Eric Sachs, the product manager in charge at Google, gave me a hard time over it; actually, he didn’t because he’s way too nice to do such a thing. But he let me blog some of our conversation. He writes:
Google & Yahoo both use OpenID URLs by default that are not human readable, and if someone visits them, the pages have no information about the user…
One of the reason that Blogger’s OpenID service launched before the generic Google service is because those users by default had already been through the pain of picking a "human readable" name for a URL.
For our E-mail users (@gmail.com/@yahoo.com) we could have chosen to return URLs with the user’s E-mail username as AOL does, but chose not to for what are hopefully obvious reason.
So we were left with the options of (1) not launching IDPs at all, (2) launching the IDPs with machine generated IDs, or (3) forcing our users to pick an "human readable" name for an OpenID URL (but one that was not their E-mail address)
Unfortunately, for both of us option 3 requires a user to try on average 5 times to find a name that is available. We have tried to force users to pick such a name for other services at Google, and the abandonment rate is 90-95%. Yahoo’s experience is similar. The RPs we have talked to (both big ones and small ones) have said they would not use our IDP if we forced users to go through a process with such a high abandonment rate.
So while I understand that in a perfect world our choice of 2 over 3 is not great, the alternative is 1, i.e. not launching IDPs at all. And if we went down the path of #1, then the only people who could use OpenID would be bloggers and users of some social networks that use human readable URLs for profiles (though that excludes Facebook,
To which I responded that I think there is a third alternative a la tinyurl. Here is Eric again:
Yep, that is what we tried for orkut.com initially. Unfortunately we got the standard problem of dictionary attacks against those URLs for screen-scraping. We experimented to find the smallest length ID that would still enable us to implement DOS style blocking for screen scraping. Unfortunately that length was 2 characters longer then what people could remember for their own ID, so we sadly gave up :-( And that was actually back when the orkut.com user base was a LOT smaller.
You could check with … MySpace/Facebook because I think they tried the same thing and had the same problem.

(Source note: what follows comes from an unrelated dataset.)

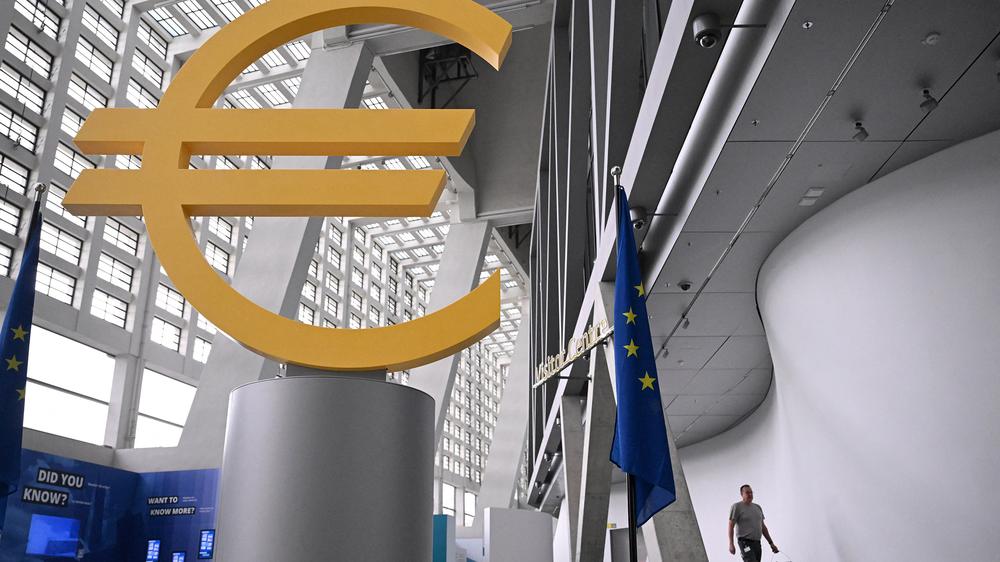  Die Europäische Zentralbank sollte als Reaktion auf die Zolldrohungen aus den USA die Zinsen senken, findet der italienische Außenminister Antonio Tajani.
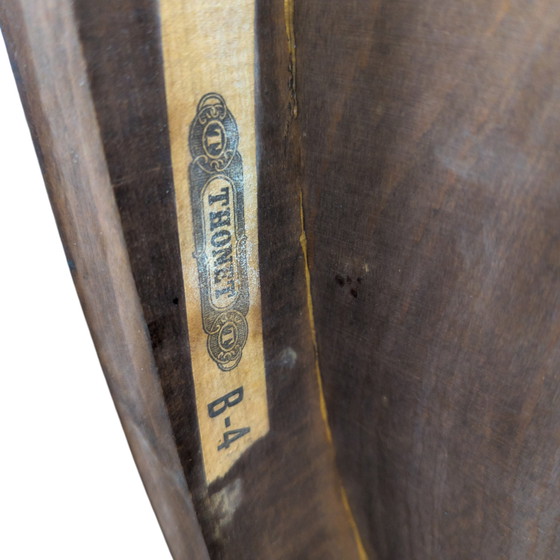 Image 1 of Poltrona curvata vintage Thonet 626/F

Me again: "Then I’m missing something. Why is that a problem? What advantage do I gain as an attacker if I guess that somebody’s URL is me.yahoo.com/a/vIxu8Lll29jYXQEYBNg86tIZgY7Bs8c7? In particular if sites — like this example in point [the openid.net site that sparked this thread] — will show it publicly anyway?
Eric:
The problem a bunch of social networks have had is evil websites who just try to crawl our entire systems by guessing our users’ profile URLs. They then use that data for a number of nefarious purposes, some of which are pretty sophisticated. Others are more basic, like trying to track the size of a social network’s user base for competitive purposes.
If hackers can still guess (or find elsewhere) some URLs, that is not nearly as damaging as them being able to easily crawl the whole social network. And by making our profile IDs longer, we can monitor for hackers who are trying to guess profile IDs because we see lots of requests for non-existing URLs.
I thought this exchange was worthwhile blogging. This is not the first time I’ve had this conversation, but I had not been aware of that last argument — which, as made, seems to apply mostly to social networking-related sites, but not other types of sites.
What I’m concluding is:
- If you can get your users to pick human-readable names that are not also e-mail addresses, that’s the best alternative.
- Otherwise, use a tinyurl-style automatically-generated scheme, unless it conflicts with the goal Eric outlined.
- If all previous approaches fail, use what is essentially a randomly generated UUID.
Remains to say for me that I now understand the argument that is being made, but there are substantial counter-arguments be made as well, including the user-unfriendliness of a non-human readable scheme, and the much higher susceptibility of what I call Phriend Phishing.
The last word hasn’t been spoken, but hopefully this discussion is helpful to understand the state of the best thinking.